> [The task]:
Reproduction without pictures: print every entry precisely as written.

*** Supplied records ***

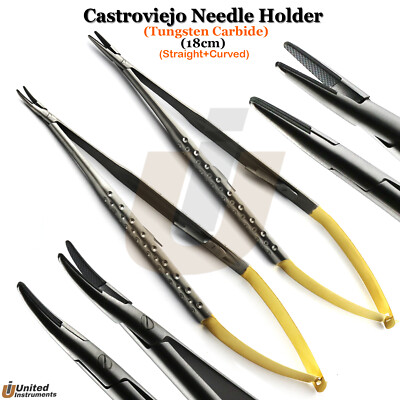 Surgical Castroviejo Needle Holder TC Microsurgery Dental Suture Ophthalmic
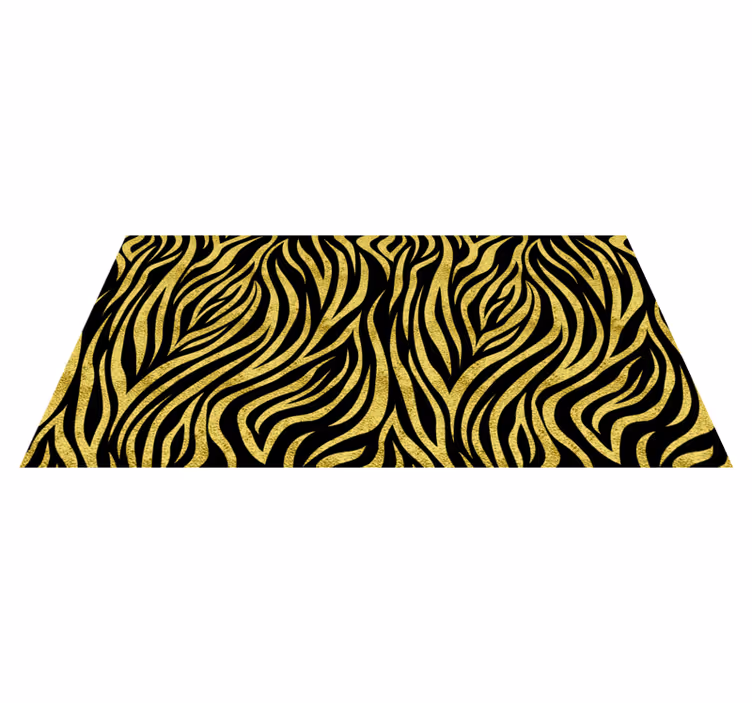 Golden zebra pattern animal print vinyl carpet - TenStickers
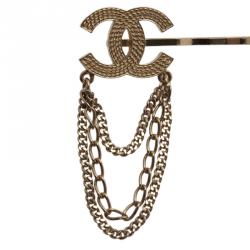 Pre Owned Chanel CC Chains Gold Tone Hair Pin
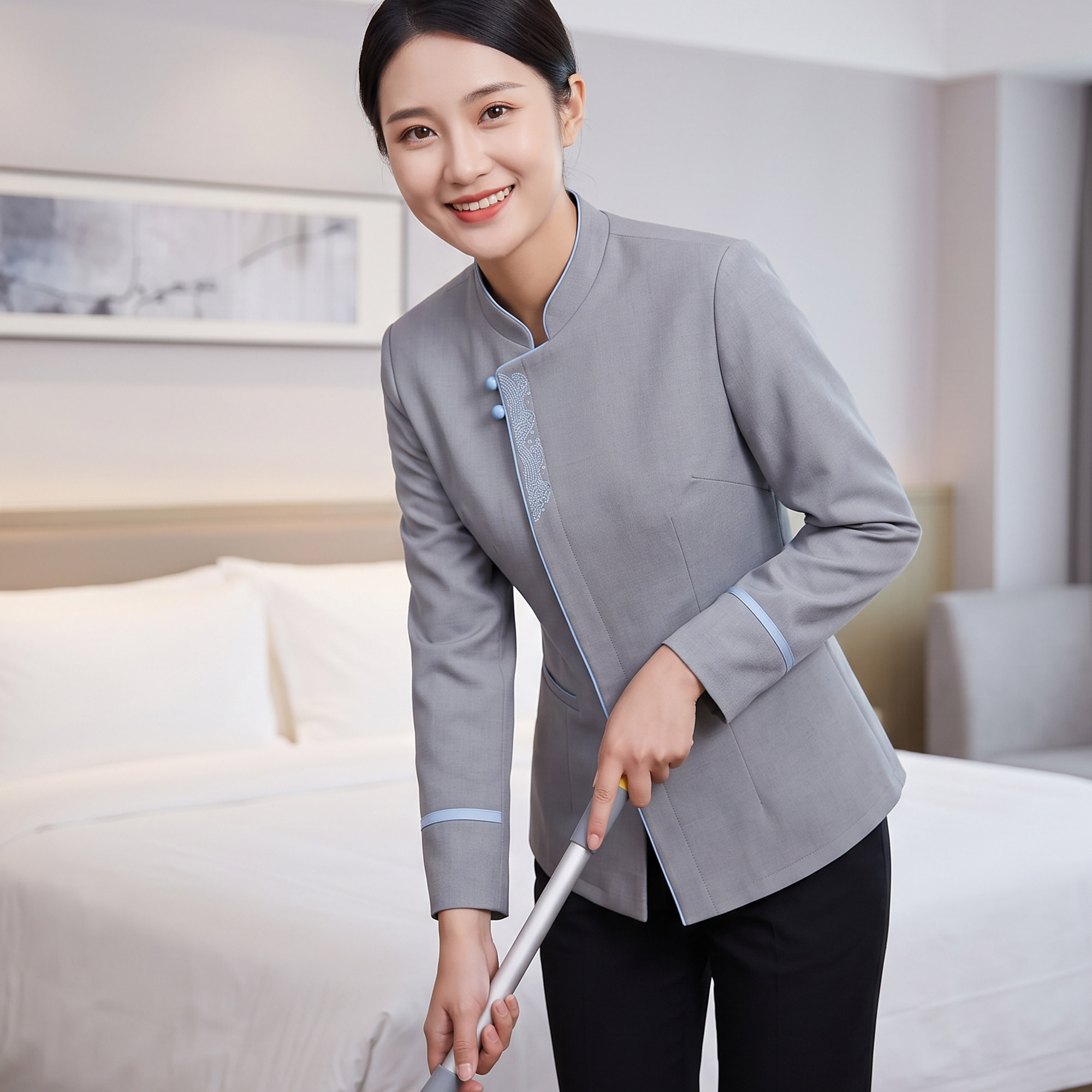 YL2026-35 长袖保洁服酒店工作制服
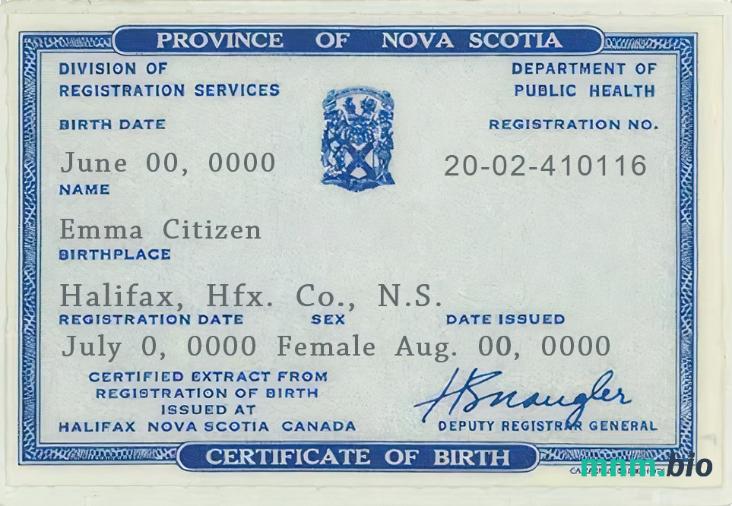 Canada Province of Nova Scotia narodziny certyfikat szablon w formacie PSD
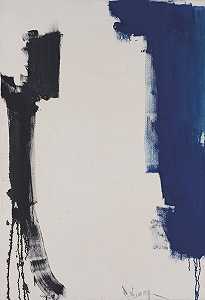 蓝色抽象，1995年 by Huang Rui 黄锐
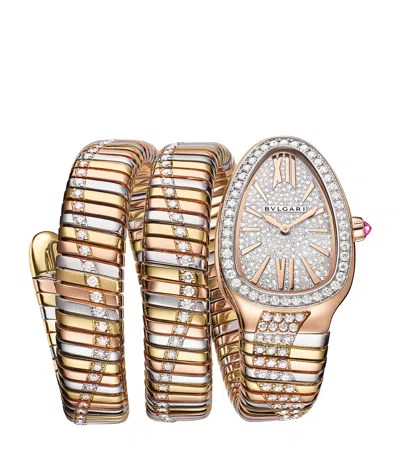 Bvlgari Mixed Gold And Diamond Serpenti Tubogas Infinity Watch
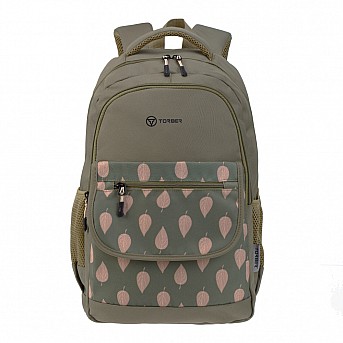 Рюкзак TORBER CLASS X, темно-зеленый с орнаментом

*** End of Supplied records ***

> [Answer to this task]:
 Surgical Castroviejo Needle Holder TC Microsurgery Dental Suture Ophthalmic
 Golden zebra pattern animal print vinyl carpet - TenStickers
 Pre Owned Chanel CC Chains Gold Tone Hair Pin
 YL2026-35 长袖保洁服酒店工作制服
 Canada Province of Nova Scotia narodziny certyfikat szablon w formacie PSD
 蓝色抽象，1995年 by Huang Rui 黄锐
 Bvlgari Mixed Gold And Diamond Serpenti Tubogas Infinity Watch
 Рюкзак TORBER CLASS X, темно-зеленый с орнаментом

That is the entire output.